THE RECORDS –

______

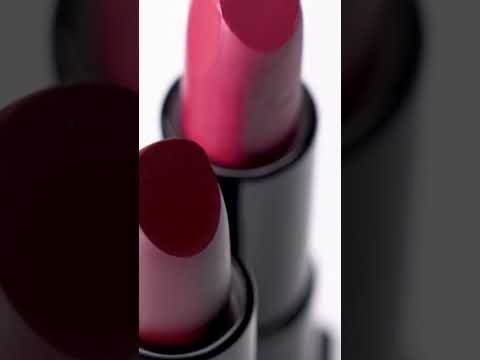 Matte Lipstick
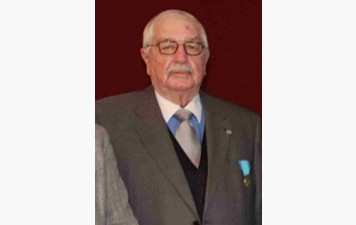 Académie du chabrol en pays de Montaigne : Disparition de M. Raoul SILVERT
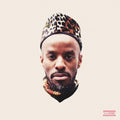 the album cover for Jowee Omicil - Love Matters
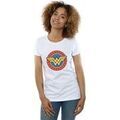 Tee-shirts sur Grenoble : T-shirt Dc Comics BI45024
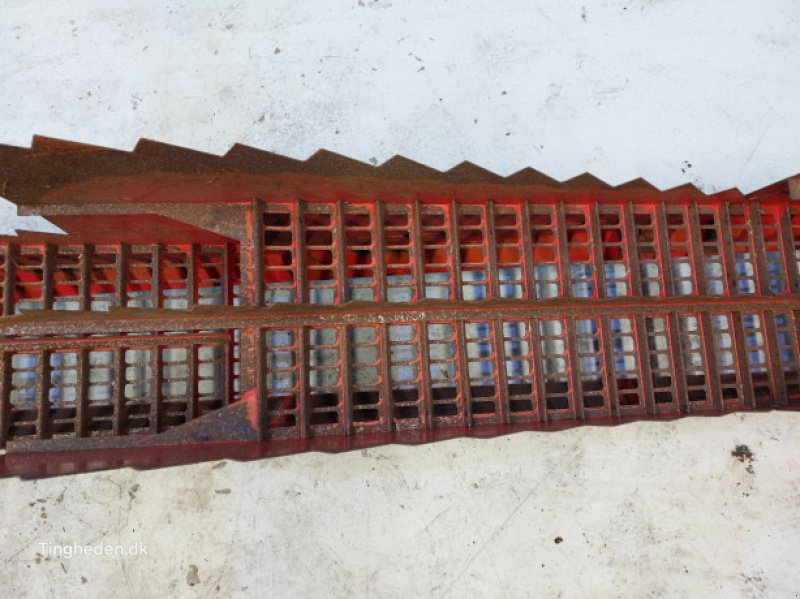 Sonstiges Mähdrescherzubehör typu Massey Ferguson 40, Gebrauchtmaschine v Hemmet (Obrázek 12)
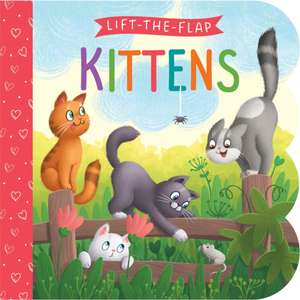 Kittens de Clever Publishing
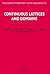 Continuous Lattices and Domains. Encyclopedia of Mathematics and Its Applications 93.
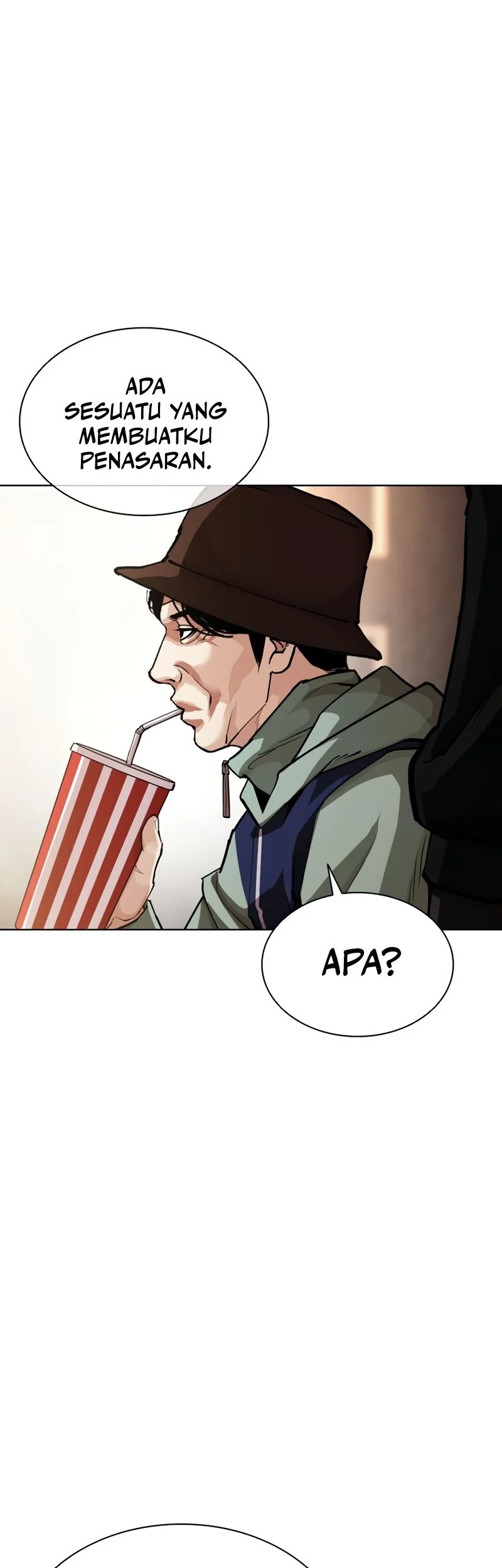 Lookism Bab 586 halaman 32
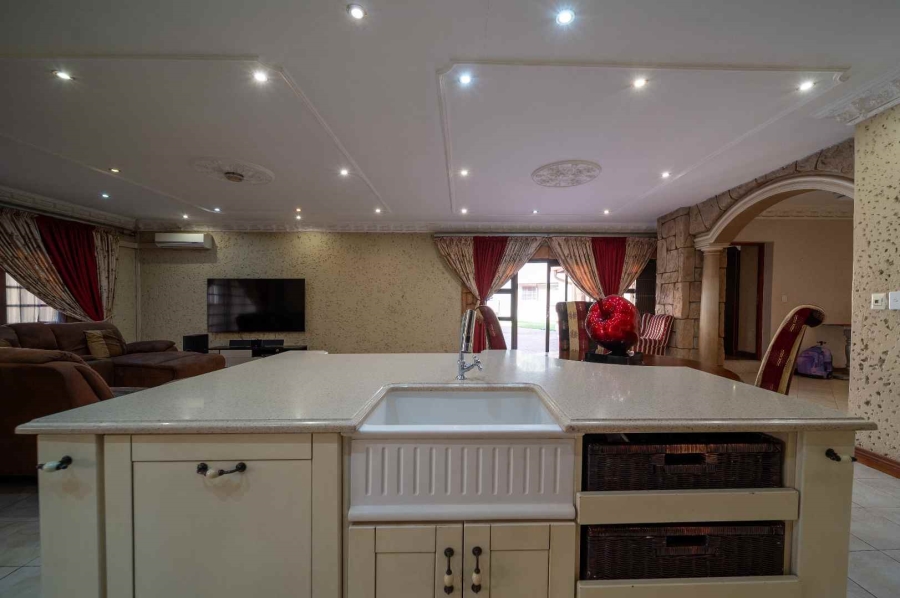 4 Bedroom Property for Sale in Rynfield Gauteng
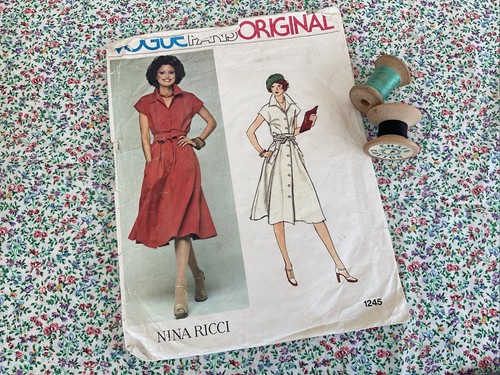 Vogue paris original nina - paris,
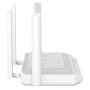 Keenetic Hero 4G+ (KN-2312) router wireless Gigabit Ethernet Dual-band (2.4 GHz/5 GHz) Grigio, Bianco (KN-2312-01-EU)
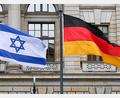 Symbolbild: Jens Kalaene/dpa-Zentralbild/dpa
Etwa 500 Menschen setzten ein Zeichen gegen Judenhass, während rund 3600 für ein Ende des Gaza-Kriegs auf die Straße gingen.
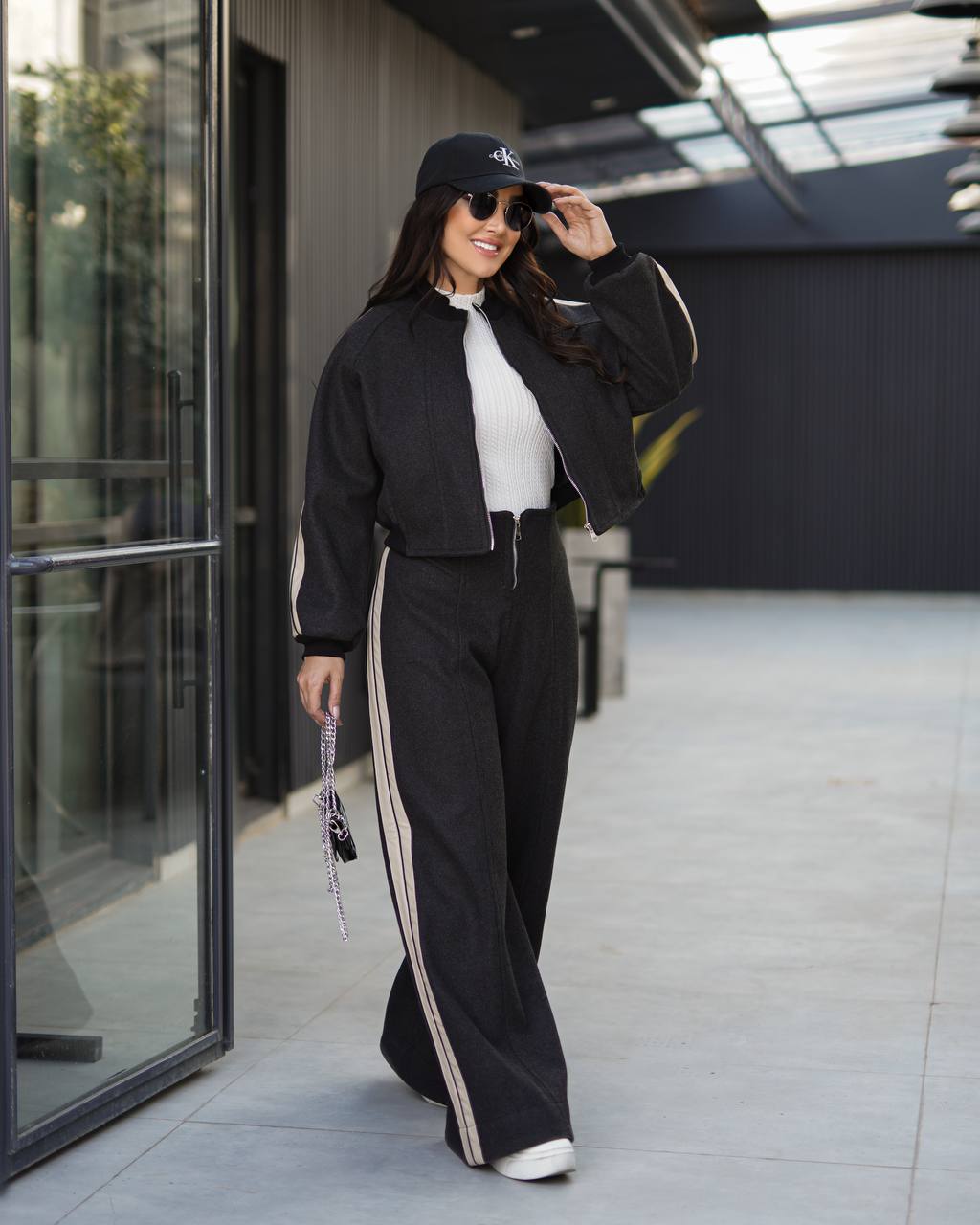 ست فوتر زنانه کد 133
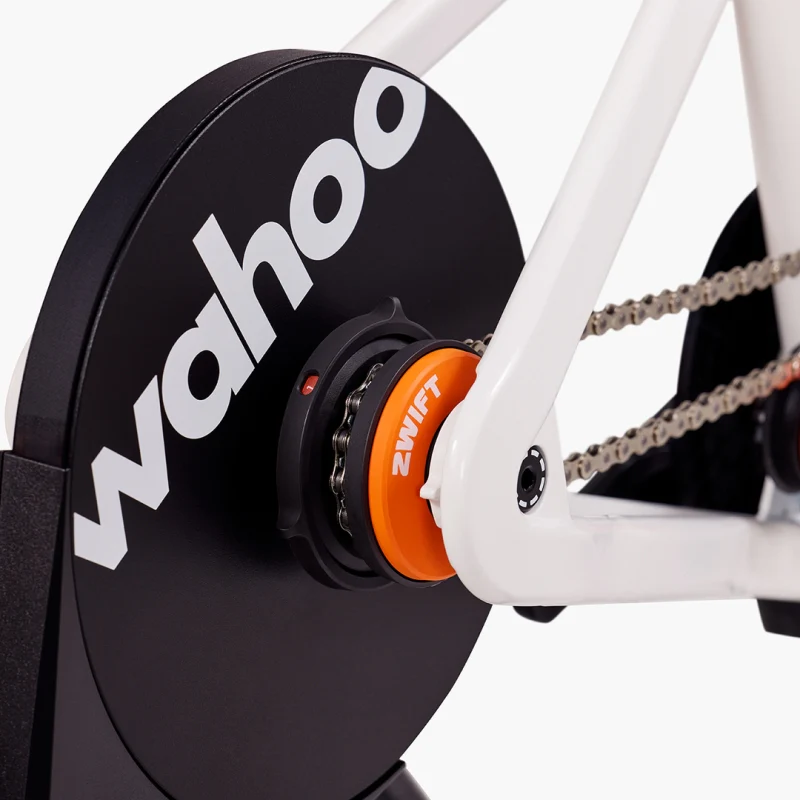 Wahoo Zwift Ride + Wahoo Kickr Core Bundle - Image 5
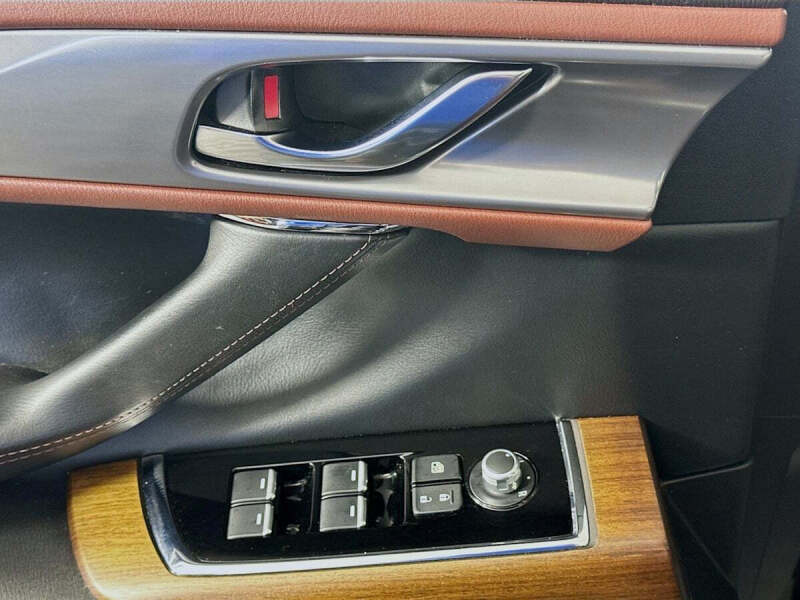 2018 Mazda CX-9 Signature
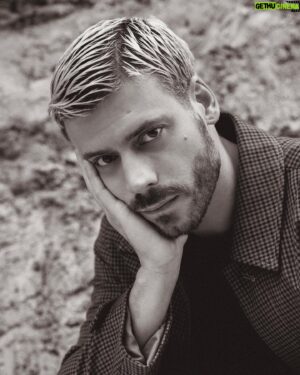 François Arnaud Instagram - 📷: @izakr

______

TASK DESCRIPTION –
Above are the records; copy exactly the lines from the one with "Académie du chabrol" through the one with "ست فوتر زنانه کد 133", including both, and nothing more. Leave out pictures.

RESULT OF THIS TASK –
 Académie du chabrol en pays de Montaigne : Disparition de M. Raoul SILVERT
 the album cover for Jowee Omicil - Love Matters
 Tee-shirts sur Grenoble : T-shirt Dc Comics BI45024
 Sonstiges Mähdrescherzubehör typu Massey Ferguson 40, Gebrauchtmaschine v Hemmet (Obrázek 12)
 Kittens de Clever Publishing
 Continuous Lattices and Domains. Encyclopedia of Mathematics and Its Applications 93.
 Lookism Bab 586 halaman 32
 4 Bedroom Property for Sale in Rynfield Gauteng
 Vogue paris original nina - paris,
 Keenetic Hero 4G+ (KN-2312) router wireless Gigabit Ethernet Dual-band (2.4 GHz/5 GHz) Grigio, Bianco (KN-2312-01-EU)
 Symbolbild: Jens Kalaene/dpa-Zentralbild/dpa
Etwa 500 Menschen setzten ein Zeichen gegen Judenhass, während rund 3600 für ein Ende des Gaza-Kriegs auf die Straße gingen.
 ست فوتر زنانه کد 133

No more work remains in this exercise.